Figure 2.15: A batch of the review column after the pretrained model has been applied to the text

The preceding output represents the embedding vectors for the first batch of drug reviews. The specific values may not mean much at first glance but encoded within the embeddings is contextual information based on the dataset that the embedding model was trained upon. The batch size is equal to 5 and the embedding vector size is 20, which means the resulting size, after applying the pretrained layer, is 5x20.

In this exercise, you learned how to import tabular data that might contain a variety of data types. You took the review field and applied a pretrained word embedding model to convert the text into a numerical tensor. Ultimately, you preprocessed and batched the text data so that it was appropriate for large-scale training. This is one way to represent text so that it can be input into machine learning models in TensorFlow. In fact, other pretrained word embedding models can be used and are available on TensorFlow Hub. You will learn more about how to utilize TensorFlow Hub in the next chapter.

In this section, you learned about one way to preprocess text data for use in machine learning models. There are a number of different methods you could have used to generate a numerical tensor from the text. For example, you could have one-hot encoded the words, removed the stop words, stemmed and lemmatized the words, or even done something as simple as counting the number of words in each review. The method demonstrated in this section is advantageous as it is simple to implement. Also, the word embedding incorporates contextual information in the text that is difficult to encode in other methods, such as one-hot encoding.

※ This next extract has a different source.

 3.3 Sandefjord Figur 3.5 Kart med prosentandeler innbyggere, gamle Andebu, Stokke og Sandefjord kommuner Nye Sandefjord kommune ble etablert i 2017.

Ultimately, it is up to the practitioner to apply any domain knowledge to the preprocessing step to retain as much contextual information as possible. This will allow any subsequent models to learn the underlying function between the features and the target variable.

In the next section, you will learn how to load and process audio data so that the data can be used for TensorFlow models.

Audio Processing

This section will demonstrate how to load audio data in batches, as well as how to process it so that it can be used to train machine learning models. There is some advanced signal processing that takes place to preprocess audio files. Some of these steps are optional, but they are presented to provide a comprehensive approach to processing audio data. Since each audio file can be hundreds of KB, you will utilize batch processing, as you did when processing image data. Batch processing can be achieved by creating a dataset object. A generic method for creating a dataset object from raw data is using TensorFlow's from_tensor_slice function. This function generates a dataset object by slicing a tensor along its first dimension. It can be used as follows:

dataset = tf.data.Dataset\
            .from_tensor_slices([1, 2, 3, 4, 5])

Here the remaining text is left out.